Un outil puissant, qu’il faut apprendre à maîtriser. Alors que l’intelligence artificielle apparaît comme un marqueur de plus en plus différenciant sur le marché du travail et bouscule les codes de l’enseignement supérieur, les étudiants dans le monde n’ont pas les mêmes perceptions, compétences ou attentes vis-à-vis de cet outil. Les jeunes français sont ainsi moins formés à l’IA dans leurs études, et plus sceptiques vis-à-vis de celle-ci que leurs homologues italiens, espagnols ou colombiens.

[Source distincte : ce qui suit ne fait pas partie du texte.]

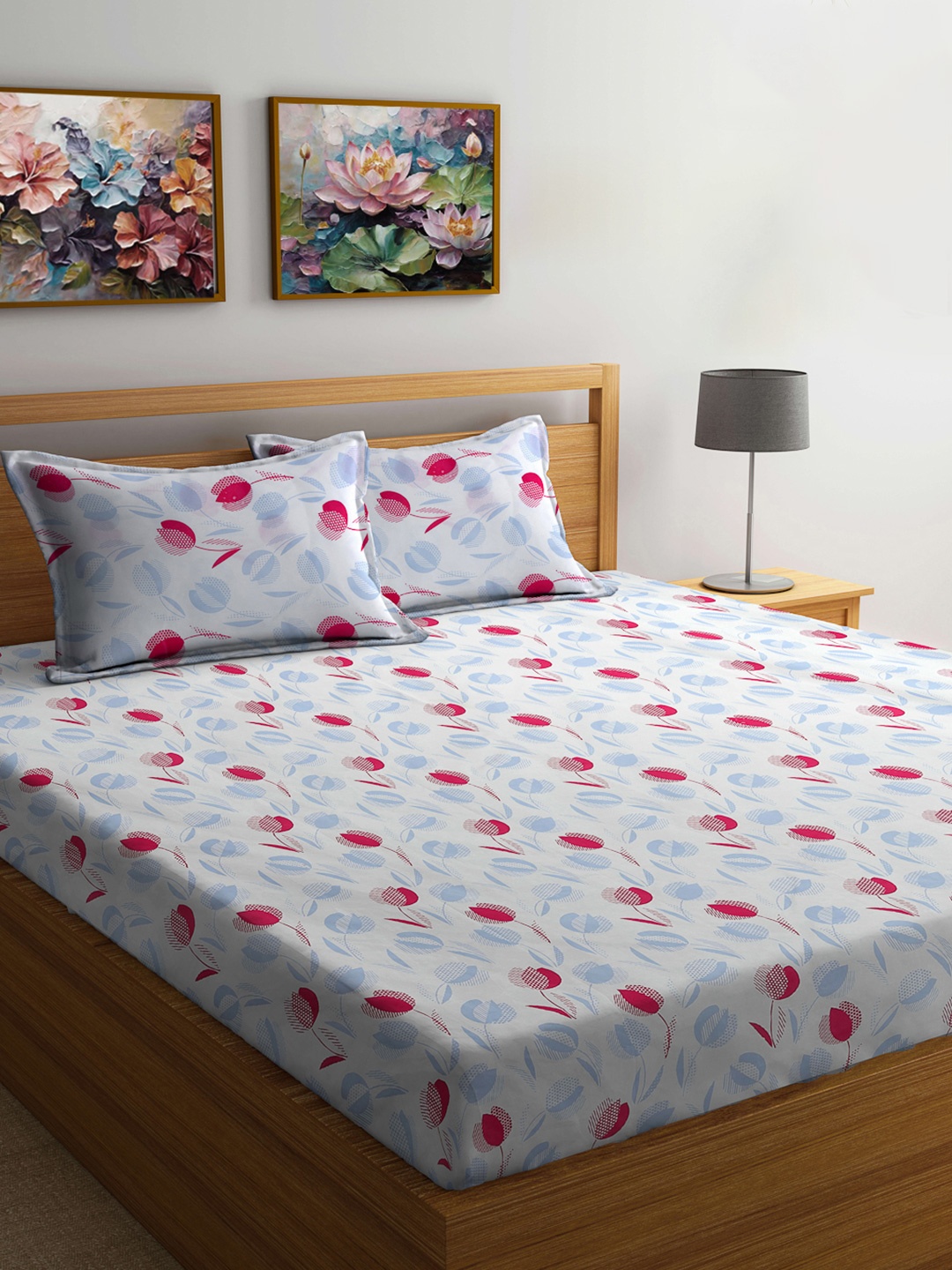 

FABINALIV White & Blue Floral 300 TC King Bedsheet With 2 Pillow Covers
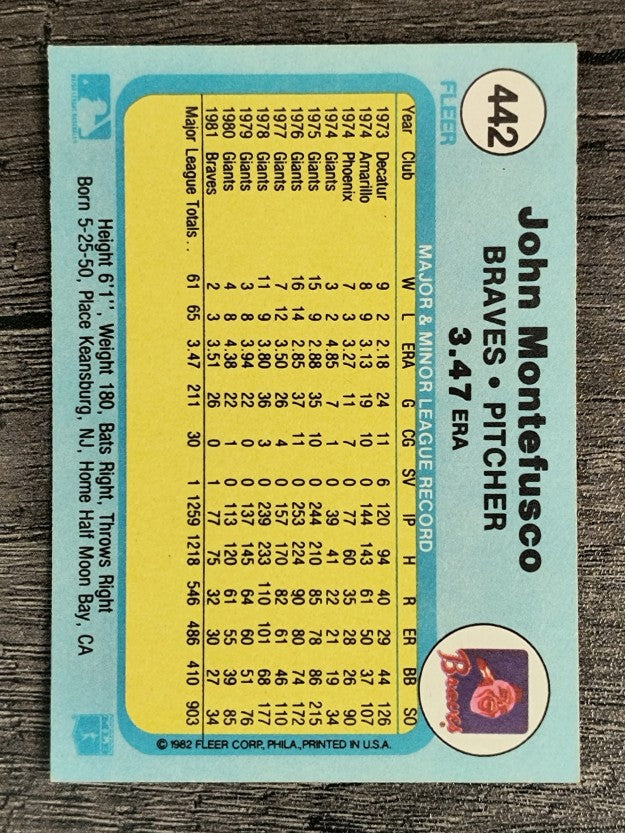 1982 Fleer #442 John Montefusco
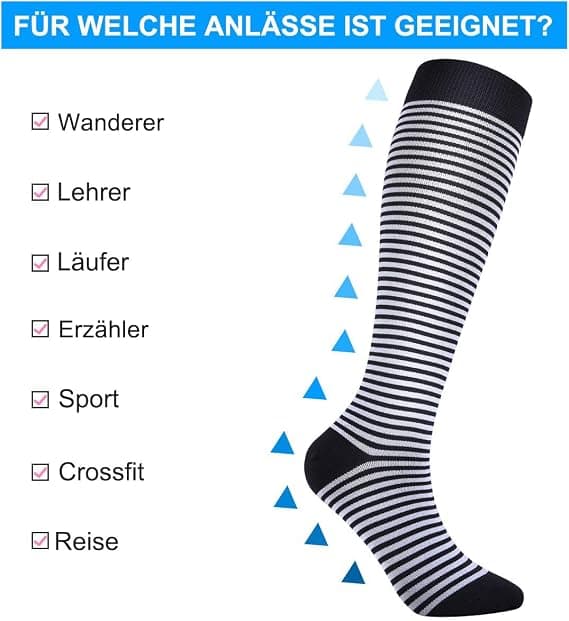 3 par kvinners kompresjonsstrømper, menns sportsstrømper med elastikk, Wom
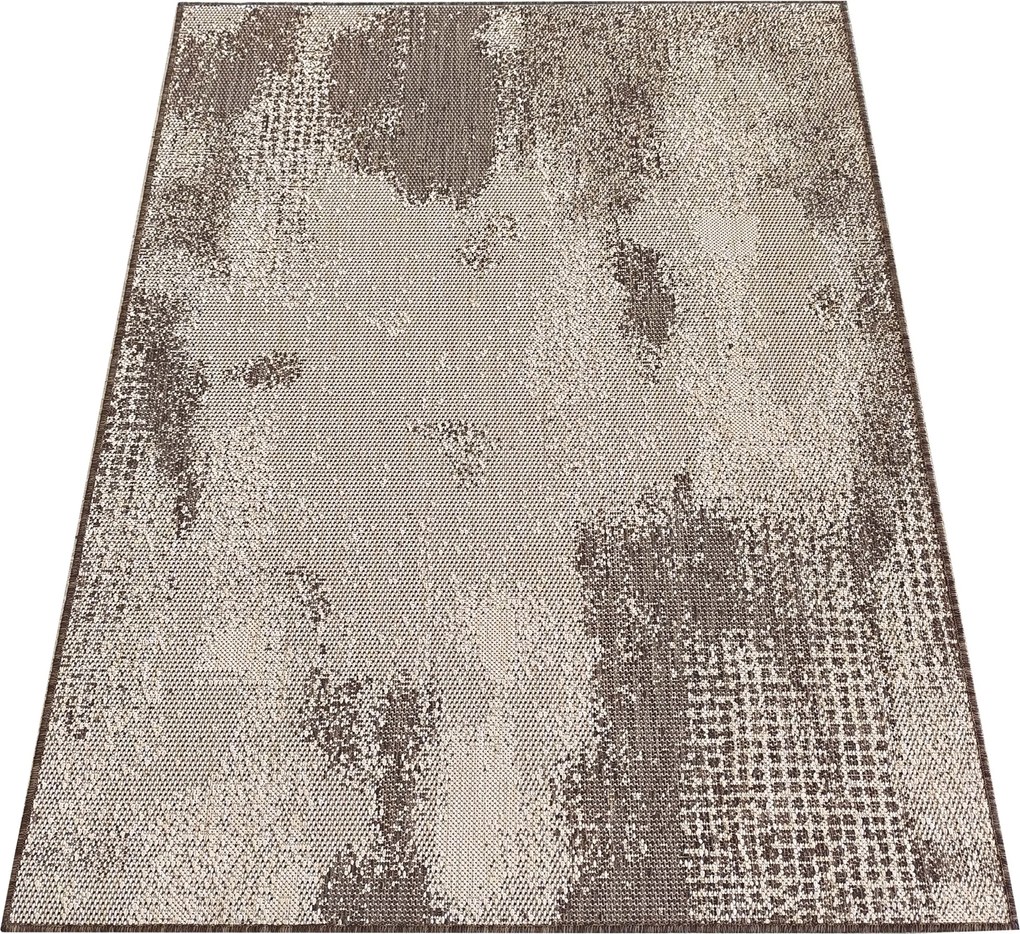 DY Hnedý obojstranný koberec z lana s abstraktným vzorom Zara 10 Rozmer: 80x150 cm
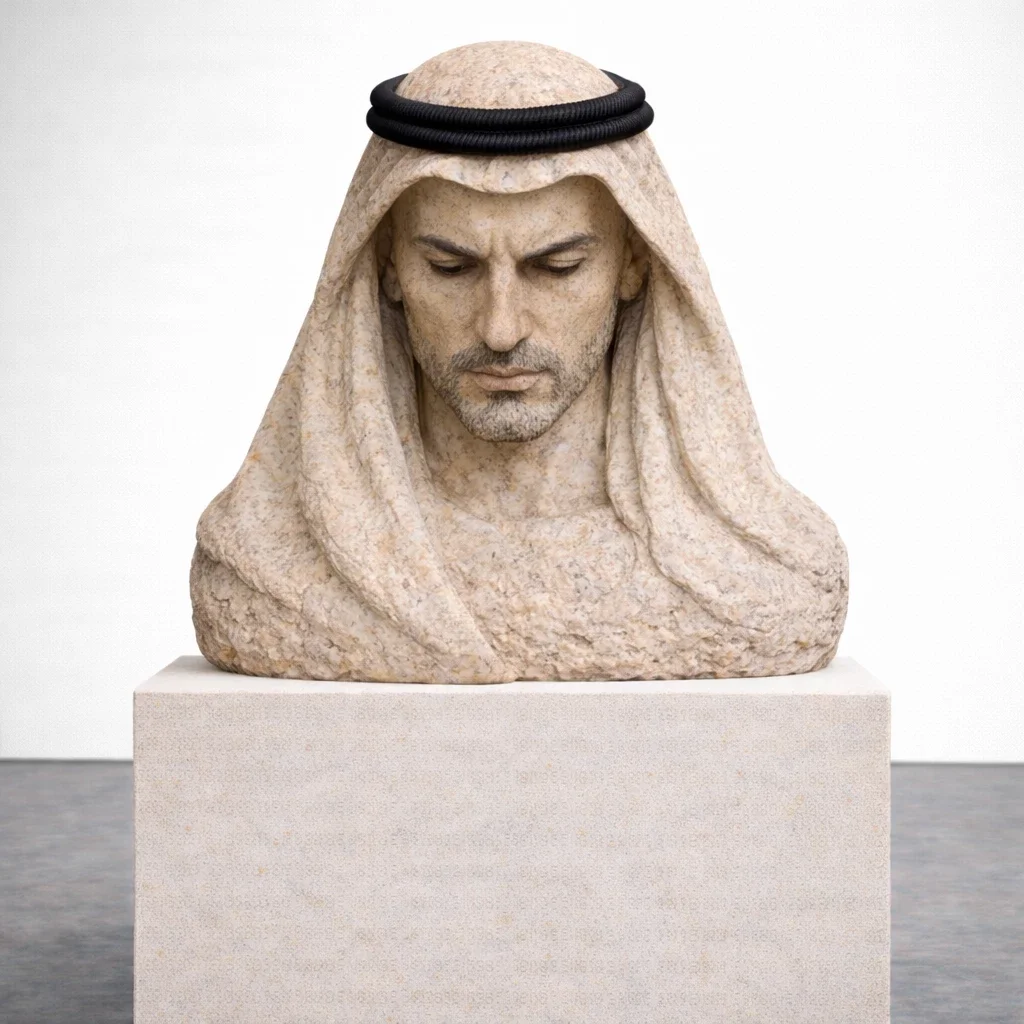  Keeper of Silence  
 cast mineral composite with natural textured finish   
 96 x 60 x 44  inches (including base), 2026  
 open edition &emsp; Inquire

🔎 Combien d’étudiants utilisent l’IA générative ?
|
Des disparités révélées par une enquête internationale menée par le groupe Planeta Formation et Universités et l’institut en recherche sociale et en communication GAD3. 3 200 étudiants, âgés de 18 à 35 ans en France, Espagne, Colombie et Italie ont été interrogés pour réaliser ce rapport. Ce jeudi 6 février, le groupe a présenté les résultats de cette enquête, commentés par plusieurs professeurs et responsables de formations invités pour l’occasion.
Alors que s’ouvre, en France, le sommet pour l’action sur l’intelligence artificielle, cette étude met en lumière les enjeux de l’intégration de l’IA dans les programmes académiques tricolores. On fait le point.
Comment en faire son alliée dans ses études… sans se faire piéger ?
27% des étudiants français formés sur l’IA
Les chiffres parlent d’eux-mêmes : alors que l’usage de l’IA est massif partout dans le monde, seulement 21% des étudiants français déclarent être capables de créer et d’appliquer des outils d’IA, contre 35% des étudiants colombiens, révèle l’enquête. Un écart qui reflète un retard français dans l’acquisition des compétences technologiques liées à l’IA.
Cela se traduit aussi dans l’accès limité aux formations sur l’IA en France, et en Europe plus généralement : 27% des étudiants français ont reçu une formation dans ce domaine, contre 28% en Espagne et 39% en Colombie. Une disparité qui se ressent particulièrement selon les domaines d’études, souligne l’enquête : moins de 20% des étudiants français en sciences de la santé sont initiés à l’IA contre 40% de leurs homologues colombiens.
Un manque de formation qui s’accompagne d’un niveau de confiance limité des jeunes français dans ce domaine. En France, seuls 40% des étudiants se disent ainsi confiants dans leur capacité à acquérir les connaissances nécessaires pour travailler avec des outils d’IA, contre 65% en Colombie et en Espagne. Un degré de confiance qui dégringole pour les étudiants français en arts et sciences humaines (30%, contre près de 60% pour les étudiants colombiens et espagnols dans ce domaine).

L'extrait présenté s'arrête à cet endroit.